Tom Atkins and Stacey Nelkin in ‘Halloween III: Season of the Witch.’
The dark ending underscores Halloween III’s key theme — namely, that giant corporations are not to be trusted. “I’m a dyed-in-the-wool hippie,” says Wallace, who grew up devouring not only the McCarthy-bashing plot of the original Invasion of the Body Snatchers, but also the anti-advertising agitprop humor of Mad magazine. “I think it’s wise for citizens to be vigilant. I don’t trust big corporations, or big television, or big advertising.”
That message — delivered in the form of a highly comic, continually shape-shifting horror flick — is one of the key reasons Season of the Witch still seems so timely. After all, who among us doesn’t believe that all those smiley-faced, seemingly innocuous, technologically advanced mega-corporations are secretly planning to do us harm? “If you pay attention to what’s going on in the [online] conspiracy scene now, this movie is ahead of its time,” says Wingard. “It’s the precursor to our more conspiracy-oriented era.”
But there’s also a daffy innocence to Witch: Though the film does include a a few shocking acts of violence — including a scene in which a young boy is killed by a Silver Shamrock mask, turning his head into a lumpy, bug-covered pulp — it’s nowhere near as gory as some of the slasher films that dominated the era (including the grisly Halloween II). In fact, it feels closer to classic British sci-fi/horror combos of of the ’60s — not surprising, consider its first screenwriter was Nigel Kneale, who wrote the classic Alan Quatermass series. Had it not been released under the Halloween banner, it could have very well have been a cult hit from the get-go. “There’s definitely a Schrödinger’s cat alternate-reality in which Halloween III is a massive hit, and we never got movies like Halloween: H20 or Halloween: Resurrection,” says Barrett.
Instead, it’s only in recent years that viewers have fully glommed on to Season of the Witch, a movement that began in the late ’90s, when the film’s brooding, electro-pop score (composed by Carpenter and Alan Howarth) was rediscovered by music fans. Tracks like “Chariots of Pumpkins” and “First Chase” are full of creeping synths, spare beats, and gothic-pop melodies, and sound as though they could have been recorded yesterday. ”It’s an incredible piece of music,” says British record-label owner Spencer Hickman. “It stands out with anything being released today by those leading the field of electronic music, whether it’s by Aphex Twin or Boards of Canada.”
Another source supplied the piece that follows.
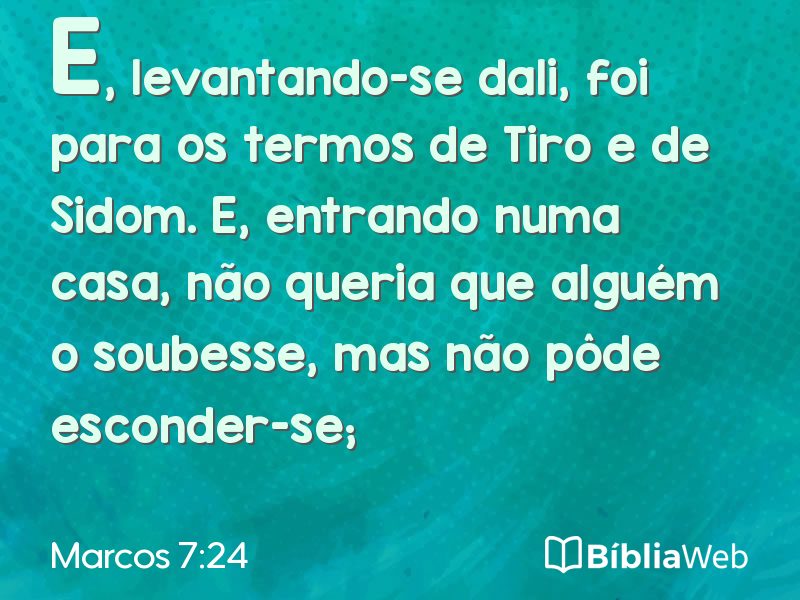 Marcos 7:24 em imagem para compartilhar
In 2012, Hickman’s label, Death Waltz Recording Co. — which was recently acquired by cult-culture emporium Mondo — released a deluxe vinyl version of the soundtrack, which quickly sold out (a new version was reissued earlier this month). And a souped-up Blu-ray edition of the film was one of the first titles from Scream Factory, the horror-movie imprint from respected pop-archeology label Shout Factory. “It’s interesting that now is when this movie has its resurgence,” says Barrett. “It does feel like society is finally ready for the weird experiment that Halloween III is.”
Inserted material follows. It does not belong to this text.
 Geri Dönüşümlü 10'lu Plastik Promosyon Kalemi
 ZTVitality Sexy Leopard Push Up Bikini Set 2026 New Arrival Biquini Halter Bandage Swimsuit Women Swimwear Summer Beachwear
For Wallace, who was heartbroken by Season of the Witch’s initial reception, the delayed vindication has been welcome. A few years ago, he began attending festivals, where he was greeted by fans of not only his later work — including the TV-movie adaptation of Stephen King’s It — but by Season of the Witch aficionados.
"They’d walk up and say, ‘Hey, I know people bad-mouth Halloween III, but I think it’s great,’ Wallace recalls. “That just became the line. Now when I go to these festivals, people come up, and say, “Hey, I know—”, and I stop them and say, ‘You don’t have to say that anymore.’ Halloween III found its audience. There a lot of us out there who think it’s a pretty darn good movie.”